Buyer Power in the Beef Packing Industry: An Update on Research in Progress (with Minji Kim, Nathan Miller and Matthew Weinberg) [latest draft]
We consider the oligopsony competition among beef packers to purchase cattle from feedlots. We explore in particular the competitive implicates of an increasingly popular contract in which the price of a (future) transaction is pegged to future cash market prices. These contracts create an additional incentive for packers to depress cash market prices, and as the largest four packers account for more than 80% of purchases, they likely have an ability to do so. We provide descriptive regressions that show a negative correlation between contract quantities and cash market prices on a week-to-week basis over 2005-2019. We then construct an empirical model and estimate it using data from the same period. The model allows us to assess the extent to which the rise of contracts may have contributed to an increase in the observed spread between the prices that packers pay for cattle and the prices that they receive for beef.

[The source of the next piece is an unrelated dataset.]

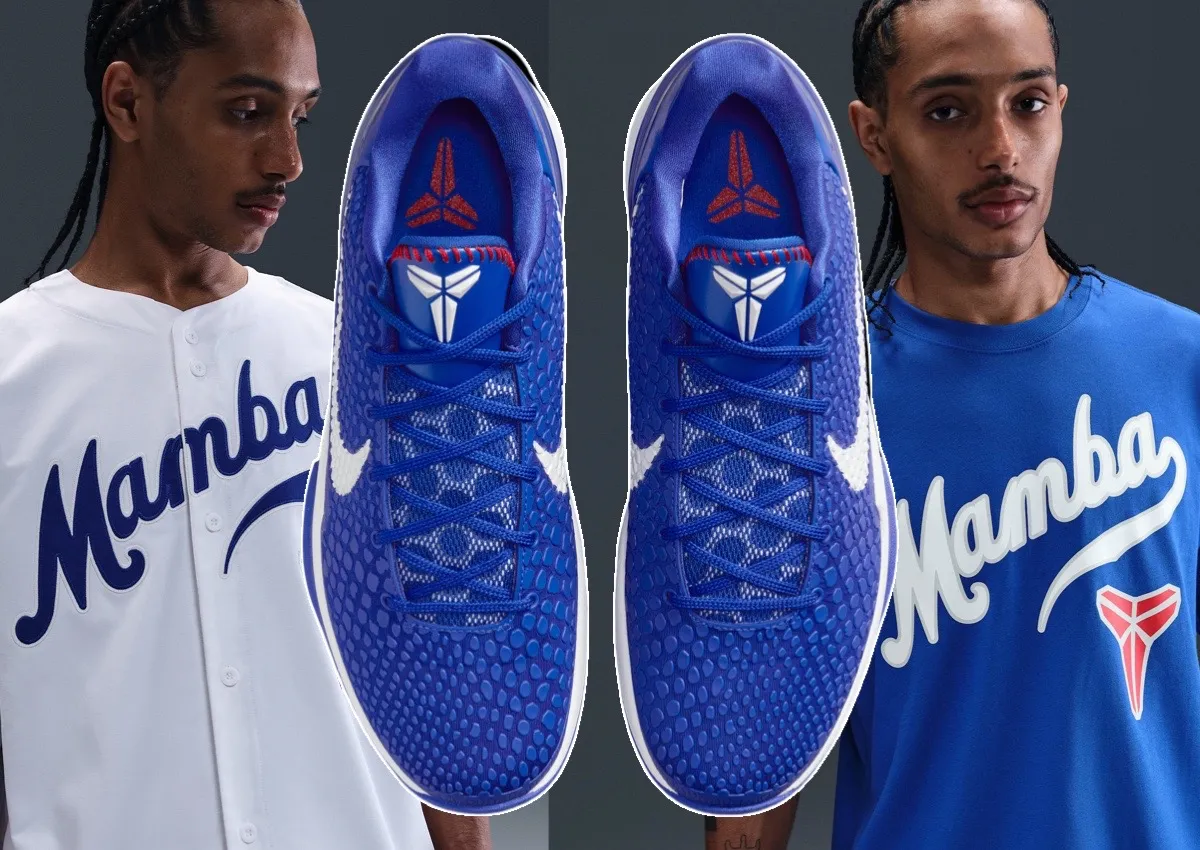 口コミ・レビュー評価が高いおすすめ人気商品の通販 Nike Kobe Dodgers Collection 2025 Release Info トップス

Mergers Between Multi-Product Firms With Endogenous Variety: Theory and an Application to the RTE-Cereal Industry [latest draft]
When multi-product firms endogenously choose their product variety, mergers can have welfare effects that go well beyond their immediate impact through prices. The structural models needed to quantify these effects, however, quickly become computationally intractable as the number of products grows. In this paper, I propose a dynamic structural model of multi-product firms and endogenous product variety that bypasses this dimensionality problem. I show that, under a nested logit demand assumption, firms introduce/remove products in pre-determined order. As a result, the number of products each firm supplies is a sufficient statistic for the identity of the products themselves and, therefore, for all market outcomes and firms’ continuation strategies. I use this result to argue that the strategies and states that need to be considered to solve the model are a small fraction of the whole strategy set and state space, making it possible to estimate the model using standard techniques in structural econometrics. I apply the model to the RTE-Cereal Industry and use it to simulate a hypothetical merger between two large players. Results show that ignoring endogenous product variety leads to a 30% overestimation of the post-merger number of products and a 19% underestimation of consumer welfare loss.
The Market Effects of Mergers on Incumbent Behavior and Entry: Evidence from Dialysis. (with Anwita Mahajan, Adrian Rubli) [draft coming soon]
We study the effects of mergers on incumbent behavior and firm entry in the U.S. dialysis industry. Using an event-study approach, we find that facilities and dialysis stations decrease in markets exposed to mergers, relative to markets without any merger activity. This is driven by a sharp reduction in both variables by the merged entity, which is only partially offset by an increase corresponding to other incumbent firms. We do not find evidence for novel entry. Additionally, we find declines in inputs per station at merged firm facilities and an increase at other facilities.